• _Exercise requirements_: With the pictures omitted, write out all of the listing exactly.

• _Source data_:
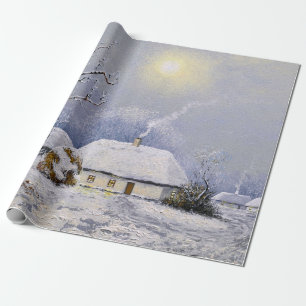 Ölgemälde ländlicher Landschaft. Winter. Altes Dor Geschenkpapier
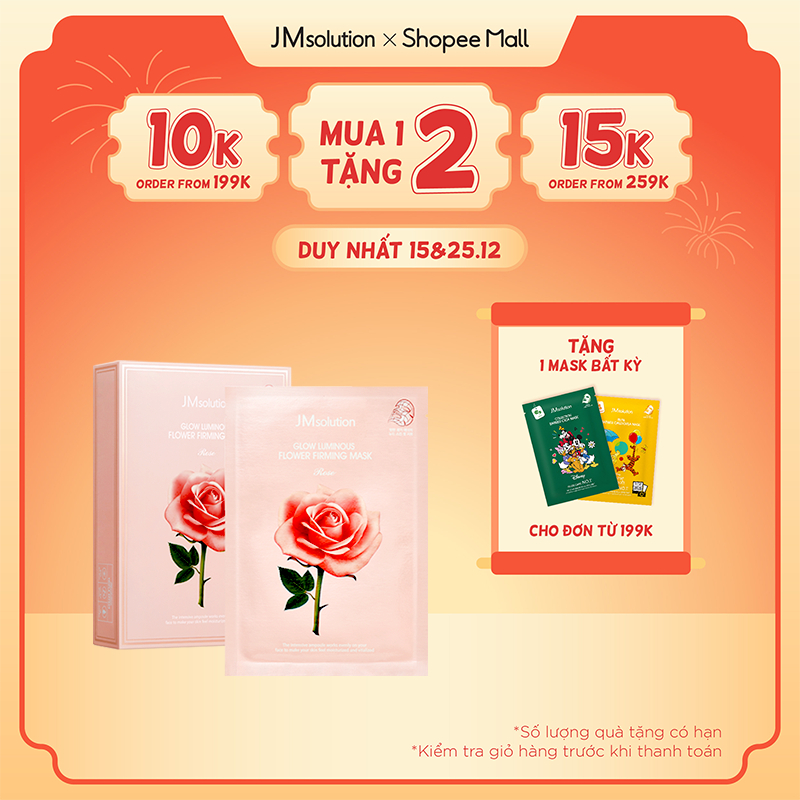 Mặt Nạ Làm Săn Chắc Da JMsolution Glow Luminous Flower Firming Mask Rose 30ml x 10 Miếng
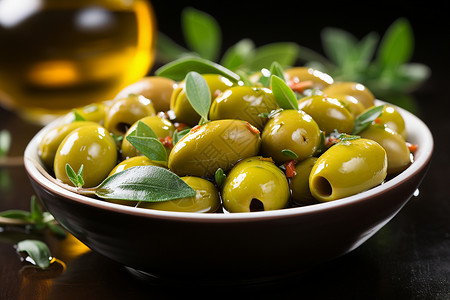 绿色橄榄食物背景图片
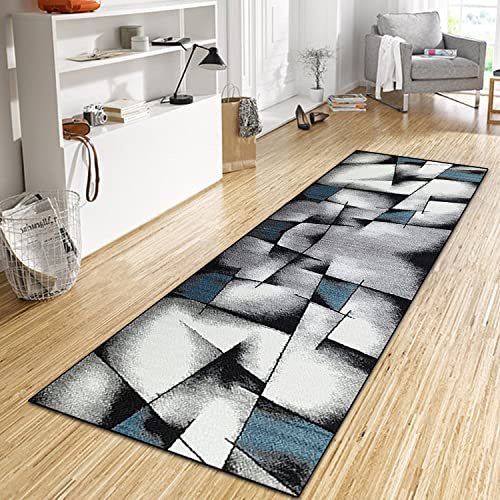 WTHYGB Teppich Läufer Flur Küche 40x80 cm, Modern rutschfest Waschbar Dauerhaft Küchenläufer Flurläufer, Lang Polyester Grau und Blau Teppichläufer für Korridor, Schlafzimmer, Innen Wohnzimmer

• _Response to this task_:
 Ölgemälde ländlicher Landschaft. Winter. Altes Dor Geschenkpapier
 Mặt Nạ Làm Săn Chắc Da JMsolution Glow Luminous Flower Firming Mask Rose 30ml x 10 Miếng
 绿色橄榄食物背景图片
 WTHYGB Teppich Läufer Flur Küche 40x80 cm, Modern rutschfest Waschbar Dauerhaft Küchenläufer Flurläufer, Lang Polyester Grau und Blau Teppichläufer für Korridor, Schlafzimmer, Innen Wohnzimmer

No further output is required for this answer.